Problem to solve: Return the listing exactly, please; no pictures.

━━ Data section

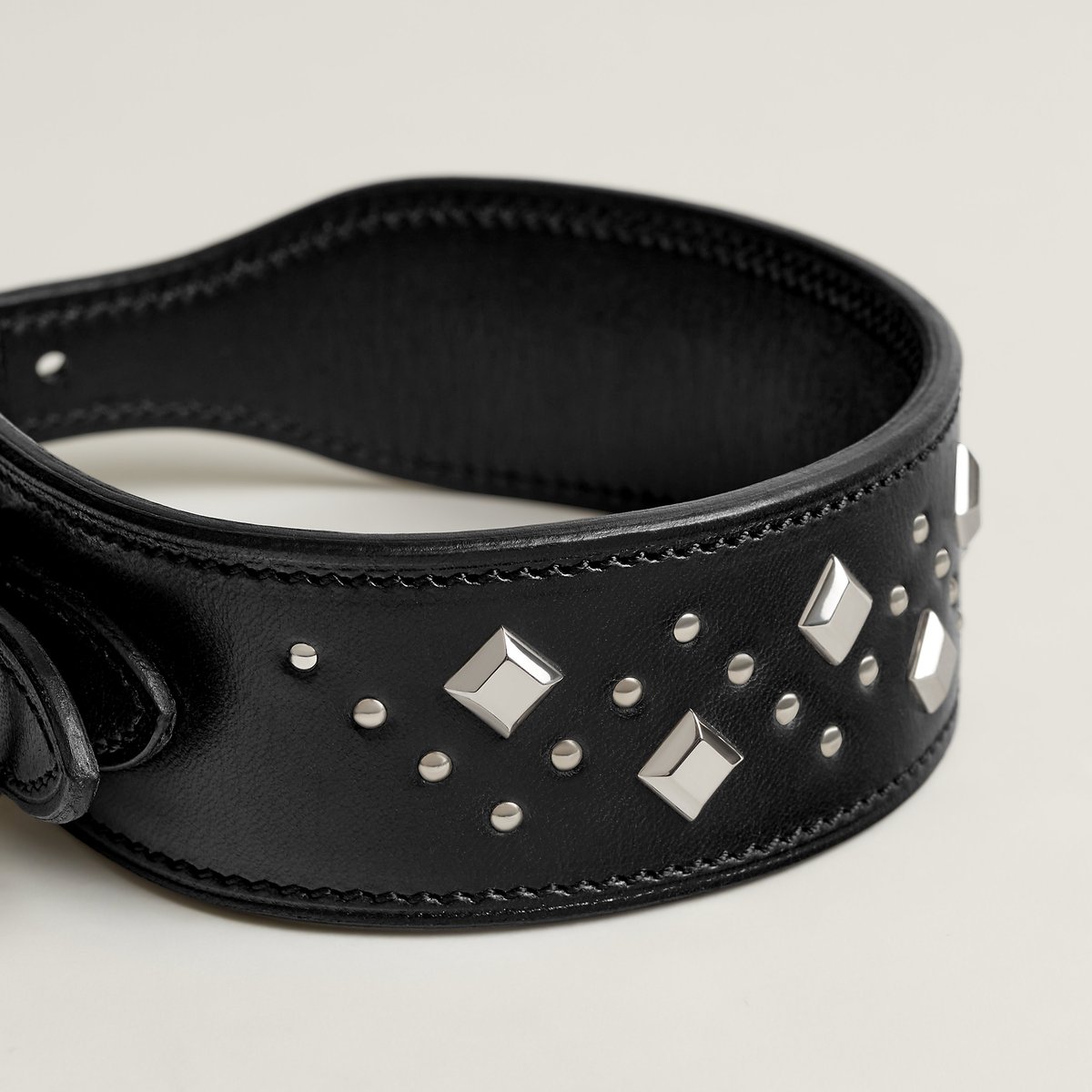 Noir Punch Dog Collar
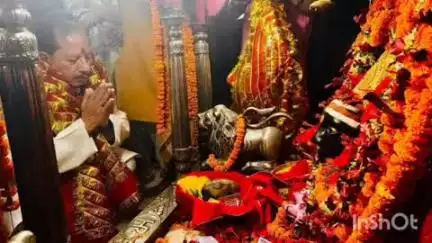 थावे: उपमुख्यमंत्री विजय कुमार सिन्हा ने थावे मंदिर में पूजा कर थावे बाज़ार के व्यवसायियों से की मुलाकात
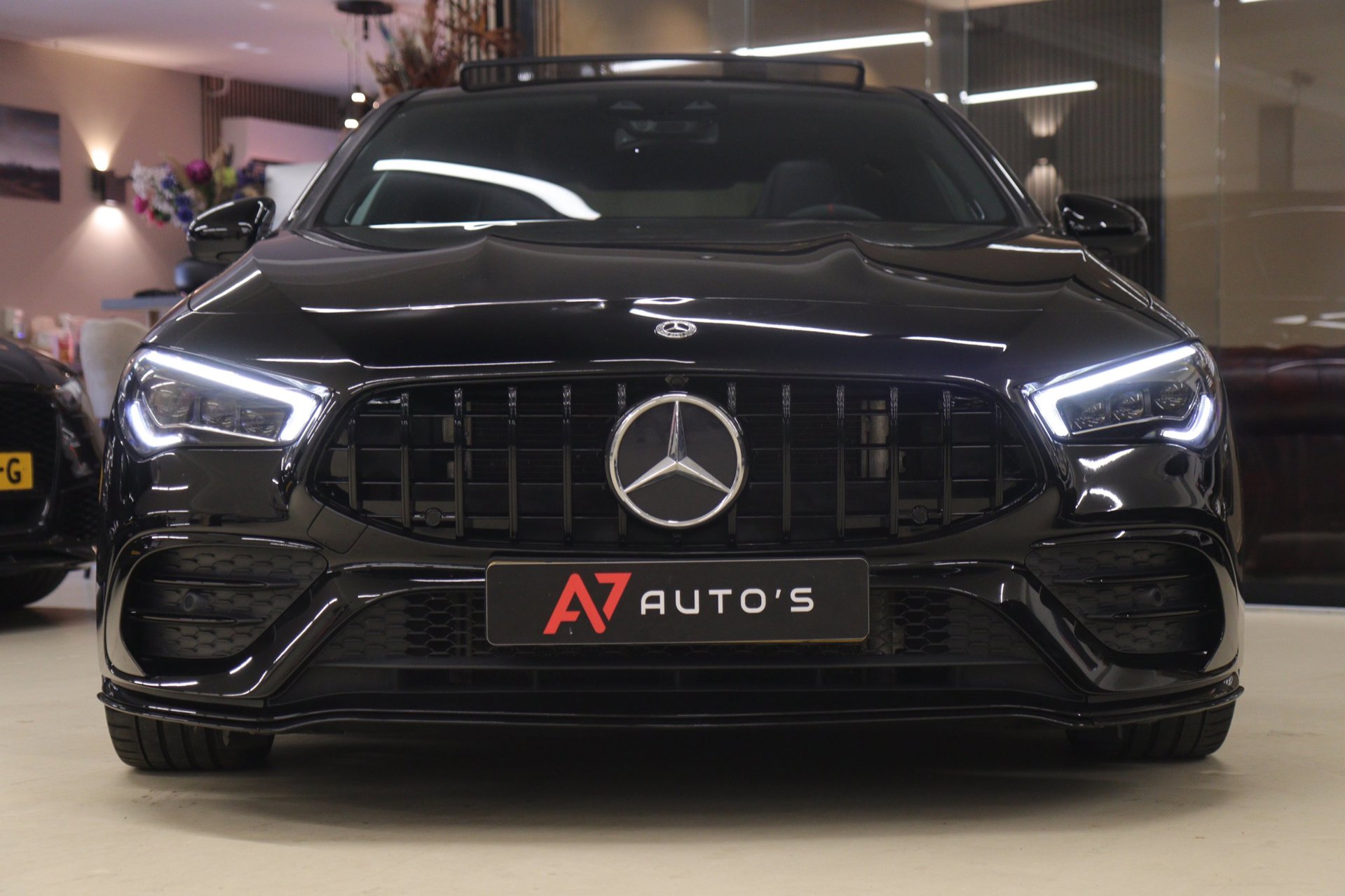 Foto van Mercedes-Benz AMG Cla 35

━━━━

Output below:
 Noir Punch Dog Collar
 थावे: उपमुख्यमंत्री विजय कुमार सिन्हा ने थावे मंदिर में पूजा कर थावे बाज़ार के व्यवसायियों से की मुलाकात
 Foto van Mercedes-Benz AMG Cla 35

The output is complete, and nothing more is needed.